Managing rolling upgrades of cloud applications using SQL Database active geo-replication

Note

Active geo-replication is now available for all databases in all tiers.

Learn how to use geo-replication in SQL Database to enable rolling upgrades of your cloud application. Because upgrade is a disruptive operation, it should be part of your business continuity planning and design. In this article we look at two different methods of orchestrating the upgrade process, and discuss the benefits and trade-offs of each option. For the purposes of this article we will use a simple application that consists of a web site connected to a single database as its data tier. Our goal is to upgrade version 1 of the application to version 2 without any significant impact on the end-user experience.

When evaluating the upgrade options you should consider the following factors:

  • Impact on application availability during upgrades. How long the application function may be limited or degraded.
  • Ability to roll back in case of an upgrade failure.
  • Vulnerability of the application if an unrelated catastrophic failure occurs during the upgrade.
  • Total dollar cost. This includes additional redundancy and incremental costs of the temporary components used by the upgrade process.

Upgrading applications that rely on database backups for disaster recovery

If your application relies on automatic database backups and uses geo-restore for disaster recovery, it is usually deployed to a single Azure region. In this case the upgrade process involves creating a backup deployment of all application components involved in the upgrade. To minimize the end-user disruption you will leverage Azure Traffic Manager (WATM) with the failover profile. The following diagram illustrates the operational environment prior to the upgrade process. The endpoint contoso-1.azurewebsites.net represents a production slot of the application that needs to be upgraded. To enable the ability to roll back the upgrade, you need create a stage slot with a fully synchronized copy of the application. The following steps are required to prepare the application for the upgrade:

  1. Create a stage slot for the upgrade. To do that create a secondary database (1) and deploy an identical web site in the same Azure region. Monitor the secondary to see if the seeding process is completed.
  2. Create a failover profile in WATM with contoso-1.azurewebsites.net as online endpoint and contoso-2.azurewebsites.net as offline.

Note

Note the preparation steps will not impact the application in the production slot and it can function in full access mode.

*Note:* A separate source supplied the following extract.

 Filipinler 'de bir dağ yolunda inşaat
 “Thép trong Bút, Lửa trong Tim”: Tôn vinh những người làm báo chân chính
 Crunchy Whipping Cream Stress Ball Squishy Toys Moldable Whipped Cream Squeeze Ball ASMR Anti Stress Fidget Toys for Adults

SQL Database Go-Replication configuration. Cloud disaster recovery.

Once the preparation steps are completed the application is ready for the actual upgrade. The following diagram illustrates the steps involved in the upgrade process.

  1. Set the primary database in the production slot to read-only mode (3). This will guarantee that the production instance of the application (V1) will remain read-only during the upgrade thus preventing the data divergence between the V1 and V2 database instances.
  2. Disconnect the secondary database using the planned termination mode (4). It will create a fully synchronized independent copy of the primary database. This database will be upgraded.
  3. Turn the primary database to read-write mode and run the upgrade script in the stage slot (5).

SQL Database geo-replication configuration. Cloud disaster recovery.

If the upgrade completed successfully you are now ready to switch the end users to the staged copy the application. It will now become the production slot of the application. This involves a few more steps as illustrated on the following diagram.

  1. Switch the online endpoint in the WATM profile to contoso-2.azurewebsites.net, which points to the V2 version of the web site (6). It now becomes the production slot with the V2 application and the end-user traffic is directed to it.
  2. If you no longer need the V1 application components so you can safely remove them (7).

SQL Database geo-replication configuration. Cloud disaster recovery.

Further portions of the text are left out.